Moffitt and John Fitzgerald of Bowdoin College will present their findings today at the Brookings Papers on Economic Activity conference.

The key difference between the new measurement and conventional ways of assessing poverty is that the new method relies on quarterly reported spending data instead of income data reported annually and retrospectively. The researchers say the quarterly reports are more accurate simply because people are more likely to remember what they bought in that short a period.

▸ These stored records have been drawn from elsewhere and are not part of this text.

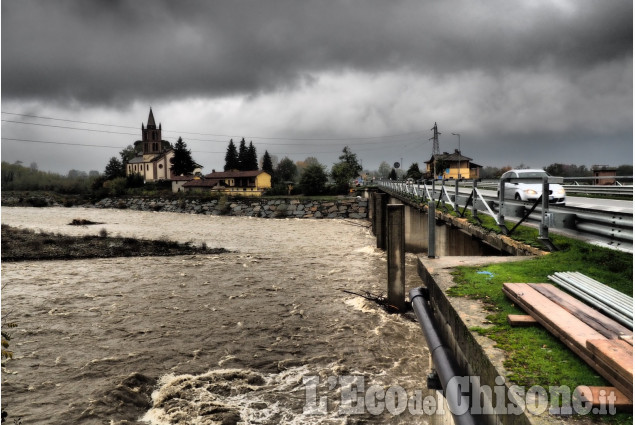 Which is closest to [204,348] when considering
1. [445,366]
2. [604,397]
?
[445,366]

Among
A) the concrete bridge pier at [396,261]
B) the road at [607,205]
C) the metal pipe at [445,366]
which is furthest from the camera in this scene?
the concrete bridge pier at [396,261]

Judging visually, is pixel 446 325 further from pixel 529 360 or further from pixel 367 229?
pixel 367 229

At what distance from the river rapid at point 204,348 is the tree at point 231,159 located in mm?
90191

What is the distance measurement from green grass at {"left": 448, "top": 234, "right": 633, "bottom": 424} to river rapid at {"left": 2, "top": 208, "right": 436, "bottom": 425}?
306 cm

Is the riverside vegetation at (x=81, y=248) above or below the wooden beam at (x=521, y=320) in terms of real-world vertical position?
below

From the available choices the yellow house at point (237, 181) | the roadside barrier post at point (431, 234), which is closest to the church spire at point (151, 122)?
the yellow house at point (237, 181)

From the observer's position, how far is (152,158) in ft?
376

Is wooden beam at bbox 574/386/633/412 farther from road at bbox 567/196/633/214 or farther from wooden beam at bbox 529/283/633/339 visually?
road at bbox 567/196/633/214

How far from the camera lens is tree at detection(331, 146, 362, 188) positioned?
89.1m

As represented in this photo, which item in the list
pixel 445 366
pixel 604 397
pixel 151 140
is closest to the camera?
pixel 604 397

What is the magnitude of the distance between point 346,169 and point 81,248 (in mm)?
72528

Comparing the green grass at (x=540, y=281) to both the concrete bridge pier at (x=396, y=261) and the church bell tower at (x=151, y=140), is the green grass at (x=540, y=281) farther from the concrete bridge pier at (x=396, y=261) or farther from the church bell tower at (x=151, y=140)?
the church bell tower at (x=151, y=140)

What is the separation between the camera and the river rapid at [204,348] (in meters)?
7.04

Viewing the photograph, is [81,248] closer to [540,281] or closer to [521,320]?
[540,281] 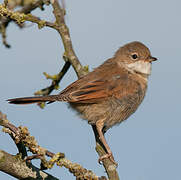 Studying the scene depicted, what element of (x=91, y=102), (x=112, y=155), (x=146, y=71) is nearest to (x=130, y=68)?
(x=146, y=71)

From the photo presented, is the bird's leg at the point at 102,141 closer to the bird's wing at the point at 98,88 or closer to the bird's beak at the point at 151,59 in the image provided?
the bird's wing at the point at 98,88

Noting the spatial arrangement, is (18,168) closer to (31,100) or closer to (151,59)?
(31,100)

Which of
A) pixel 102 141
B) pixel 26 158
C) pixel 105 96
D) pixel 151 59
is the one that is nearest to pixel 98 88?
pixel 105 96

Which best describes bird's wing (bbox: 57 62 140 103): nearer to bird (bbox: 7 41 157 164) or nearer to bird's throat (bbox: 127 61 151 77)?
bird (bbox: 7 41 157 164)

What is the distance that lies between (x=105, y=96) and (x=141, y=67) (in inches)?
40.6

The new measurement, called the Supplemental Expenditure Poverty Measure, combines spending data with elements ignored by the traditional government assessments such as credit card debt and, unlike many other existing measurements, health care deductibles, which disproportionately burden the poor, according to Moffit.

"If they have health insurance, these families have very high deductibles," he said. "If they get sick, it's a large out-of-pocket expense, leaving them less money for food and rent."

The new measurement relies on the most recent available data from 2019. For that year, Moffitt and Fitzgerald found about 48 million people, or 14.5% of the country, living in poverty, compared to the government's count of 40 million. In 2022, the numbers are likely worse because of the pandemic, inflation, and the end of key government programs like the Child Tax Credit. Moffitt predicts this year's count could find as much as 16% of the U.S. in poverty.

The upshot? The U.S. is doing a lot to keep people out of poverty, but needs to do more, Moffitt says.

"We just need to increase our efforts because there are more people in dire circumstances than we thought," he said. "We have a lot of people suggesting we don't have a serious poverty problem but it is serious and we have to contend with it."